Chinese premium electric vehicle (EV) maker Nio (NYSE:NIO) hasn’t had a smooth 2021. NIO stock was once trading at the highs of $60 and is down to $30…



This article was originally published by Investor Place

Chinese premium electric vehicle (EV) maker Nio (NYSE:NIO) hasn’t had a smooth 2021. NIO stock was once trading at the highs of $60 and is down to $30 today. Nothing has gone wrong with the company but the overall investor sentiment has led to the sell-off. There are also several concerns associated with Chinese regulations and this has had an impact on NIO stock.

Image showing a Nio store with a glowing logo on the front.Source: Andy Feng/

It was trading at $14 in July 2020 and doubled in October 2020. The stock then hit $54 in November 2020 and saw the best days in the early months of 2021. However, the highs didn’t last long and the stock started falling since March 2021. It hit $33 in May and soared to $53 in June 2021 and fell back to the lows of $30 since then.

Nio has consistently impressed investors with the solid quarterly delivery numbers. Despite rising competition, Nio is walking with pride and is on the way to leading the EV industry. I have always been a fan of NIO stock and I am of the opinion that it could hit the all-time high again in 2022.

The company has already started the year on a strong note. With that in mind, let’s consider two reasons to invest in NIO stock.

The Future of the EV Industry Is Bright

The global electric vehicle market is expected to reach $802.81 billion by 2027, at a growth rate of 22.6%. The highest contributor to the industry in the Asia-Pacific region, followed by Europe and North America. The Asia-Pacific market is expected to reach $357.81 billion by 2027 at a compound annual growth rate (CAGR) of 20.1% and North America is estimated to reach $194.2 billion by 2027.

As countries continue to move towards fuel-efficient and low-emission vehicles, the demand for EVs is only going to rise. Meanwhile, in tandem with the rise in market demand, technological advancements and government initiatives will boost the growth of EV makers in the coming years.

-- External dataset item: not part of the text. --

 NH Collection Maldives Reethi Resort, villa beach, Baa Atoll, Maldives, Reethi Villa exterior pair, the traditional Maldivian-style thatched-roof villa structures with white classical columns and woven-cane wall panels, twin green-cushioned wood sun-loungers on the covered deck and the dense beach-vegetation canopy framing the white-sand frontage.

Nio’s battery as a service model holds an advantage here and it could attract users who are looking for low-cost EVs that promise high performance.

Exciting Model Lineup

Nio is launching the ET7 sedan this year which will be followed by the ET5 compact sedan. There is also speculation that we will see even more new vehicle models this year. There is a lot of excitement surrounding the ET7 and the car will enter the German market soon.

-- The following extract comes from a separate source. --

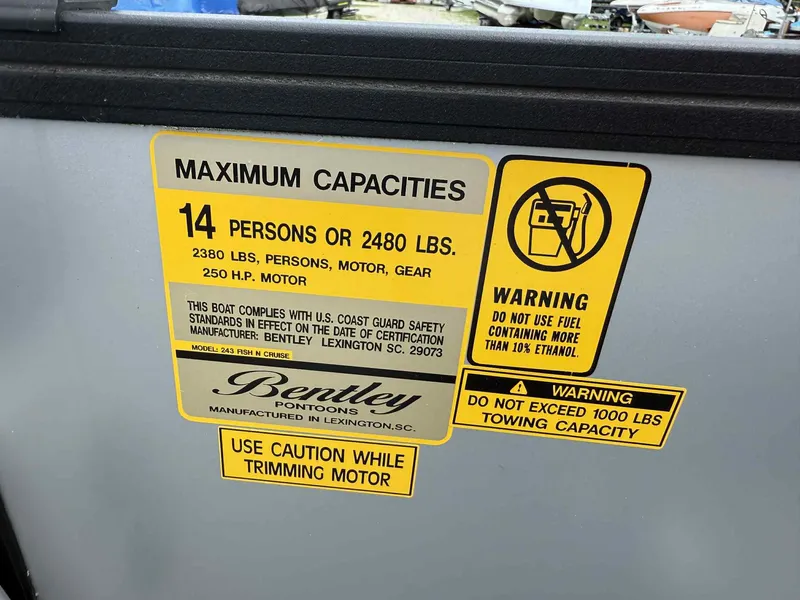 Slide: The Image of 2025 Bentley Pontoons 243 Fish-N-Cruise capacity and safety warning labels. - 13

My InvestorPlace colleague David Moadel believes that the ET5 will spark Nio’s recovery.

The ET7 will be Nio’s first model that will be sold in Germany. The company’s ES8 SUV is already sold in neighboring Norway and might make its way to Germany soon as well.

Nio has seen high interest from several potential users, particularly in the European markets.

If the company introduces new models in the coming year, it will be able to attract a larger customer base and increase revenues. Nio has already entered the Norwegian market and it will soon plan to enter other European countries this year. The company has already doubled the production capacity at their plant in China to 240,000 vehicles a year. This will allow the company to reach its full potential and the margins are expected to pick up soon after.

The Bottom Line On NIO Stock

Besides the strong operating numbers and impressive deliveries, Nio is working towards the expansion of its market and this will push NIO stock higher. I believe Nio has the potential to beat the rivals with its product line and the battery as a service.

An HSBC analyst Yuqian Ding has raised their price target of NIO stock to $54 with a Buy rating after the company reported strong delivery numbers for December and announced new models at the NIO Day event. The analyst thinks that new models in this year could boost the volume growth.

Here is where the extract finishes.